Optionally send everything with the WORD LINUX in the tag
$template LinuxMnemonic,"%timereported% %HOSTNAME% LINUX-%syslogfacility-text%-%syslogseverity%-%syslogtag%%msg%\n"
Example Topology
In the example above all syslog messages received with a facility of local7 will be forwarded to the Primary server at 10.215.1.5. When this message is forwarded from the poller to the Primary, the poller will insert its own timestamp into the message.
### syslog message from the node to the poller server 02:23:37.250516 IP 10.10.1.1.58415 > 10.215.1.7.syslog: SYSLOG local7.notice, length: 100 E....Y.....+ .. ..../...l./<189>90: *Feb 1 11:23:35.623: %SYS-5-CONFIG_I: Configured from console by hero on vty0 (10.215.1.5) ^C ### syslog message from the poller server to the primary server 11:23:37.273514 IP 10.215.1.7.35902 > 10.215.1.5.syslog: SYSLOG local7.notice, length: 126 E.....@.?.#. ... ....>.....j<189>Feb 1 02:23:37 10.10.1.1 90: *Feb 1 11:23:35.623: %SYS-5-CONFIG_I: Configured from console by hero on vty0 (10.215.1.5)
If the servers/nodes are in differnt time zones or the clocks are not correct opEvents may not by default accept the syslog message.
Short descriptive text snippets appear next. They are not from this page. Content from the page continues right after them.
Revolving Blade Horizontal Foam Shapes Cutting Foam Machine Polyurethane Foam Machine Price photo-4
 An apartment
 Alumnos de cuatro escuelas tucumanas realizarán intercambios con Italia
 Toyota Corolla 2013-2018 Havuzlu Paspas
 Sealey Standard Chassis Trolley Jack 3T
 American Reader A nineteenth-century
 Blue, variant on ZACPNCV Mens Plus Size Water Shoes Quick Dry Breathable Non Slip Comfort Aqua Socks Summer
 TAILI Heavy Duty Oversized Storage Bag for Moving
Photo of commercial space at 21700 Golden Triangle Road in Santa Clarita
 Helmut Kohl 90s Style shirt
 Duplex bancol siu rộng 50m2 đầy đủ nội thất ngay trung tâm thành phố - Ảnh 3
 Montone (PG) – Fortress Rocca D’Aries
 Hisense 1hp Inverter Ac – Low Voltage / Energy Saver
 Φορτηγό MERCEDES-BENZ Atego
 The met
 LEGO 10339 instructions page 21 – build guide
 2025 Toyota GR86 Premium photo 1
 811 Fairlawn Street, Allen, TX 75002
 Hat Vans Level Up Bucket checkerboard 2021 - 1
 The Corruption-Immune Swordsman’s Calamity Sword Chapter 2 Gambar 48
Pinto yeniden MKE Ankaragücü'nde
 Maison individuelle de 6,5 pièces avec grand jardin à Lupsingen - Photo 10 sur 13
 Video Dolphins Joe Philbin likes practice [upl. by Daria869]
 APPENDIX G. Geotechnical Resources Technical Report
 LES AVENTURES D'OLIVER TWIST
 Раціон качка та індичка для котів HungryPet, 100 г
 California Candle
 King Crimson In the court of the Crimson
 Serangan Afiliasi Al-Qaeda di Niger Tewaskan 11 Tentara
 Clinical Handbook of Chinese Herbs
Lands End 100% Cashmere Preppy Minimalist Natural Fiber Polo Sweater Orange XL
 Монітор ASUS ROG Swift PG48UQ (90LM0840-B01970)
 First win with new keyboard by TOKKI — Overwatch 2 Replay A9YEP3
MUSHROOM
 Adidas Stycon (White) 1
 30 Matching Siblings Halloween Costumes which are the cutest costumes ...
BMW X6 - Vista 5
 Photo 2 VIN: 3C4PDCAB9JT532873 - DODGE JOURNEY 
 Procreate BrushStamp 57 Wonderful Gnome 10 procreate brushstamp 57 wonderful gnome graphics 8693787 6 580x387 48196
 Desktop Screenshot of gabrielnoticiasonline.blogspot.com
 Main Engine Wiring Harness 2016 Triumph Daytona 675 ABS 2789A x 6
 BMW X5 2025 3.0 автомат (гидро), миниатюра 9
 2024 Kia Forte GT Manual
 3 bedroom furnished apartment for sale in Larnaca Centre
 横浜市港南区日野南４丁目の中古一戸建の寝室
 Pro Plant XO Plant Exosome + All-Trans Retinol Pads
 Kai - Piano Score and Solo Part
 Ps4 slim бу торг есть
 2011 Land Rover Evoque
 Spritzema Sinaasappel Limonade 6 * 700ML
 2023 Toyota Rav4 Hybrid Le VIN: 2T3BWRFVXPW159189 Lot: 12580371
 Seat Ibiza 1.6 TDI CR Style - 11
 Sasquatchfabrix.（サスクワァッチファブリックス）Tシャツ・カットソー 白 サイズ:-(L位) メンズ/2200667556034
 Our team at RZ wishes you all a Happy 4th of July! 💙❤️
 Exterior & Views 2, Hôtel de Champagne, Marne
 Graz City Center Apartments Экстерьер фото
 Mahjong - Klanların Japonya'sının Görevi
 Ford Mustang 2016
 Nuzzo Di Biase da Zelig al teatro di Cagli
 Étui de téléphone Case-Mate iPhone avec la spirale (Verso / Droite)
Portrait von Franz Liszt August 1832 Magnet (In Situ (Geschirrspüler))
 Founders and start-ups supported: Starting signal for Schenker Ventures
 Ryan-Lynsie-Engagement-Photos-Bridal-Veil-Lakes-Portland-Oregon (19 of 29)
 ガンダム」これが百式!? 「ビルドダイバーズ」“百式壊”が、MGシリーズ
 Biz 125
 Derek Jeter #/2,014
Setting the opEvents debug option to '1' will show the following message in /usr/local/omk/log/opEvents.log if this is the case.
[Wed Feb 1 09:08:49 2017] [debug] worker[4697] event 1485875324 R1 Feb 1 00:08:44 10.10.1.1 66: *Feb 1 09:08:42.711: %OSPF-5-ADJCHG: Process 1, Nbr 10.10.1.3 on FastEthernet1/0 from FULL to DOWN, Neighbor Down: Interface down or detached is older than opevents_max_event_age, skipping!
As of opEvents 2.2.1 we can provision opEvents to allow these wildly out of date syslog messages and replace the origin timestamp with its own.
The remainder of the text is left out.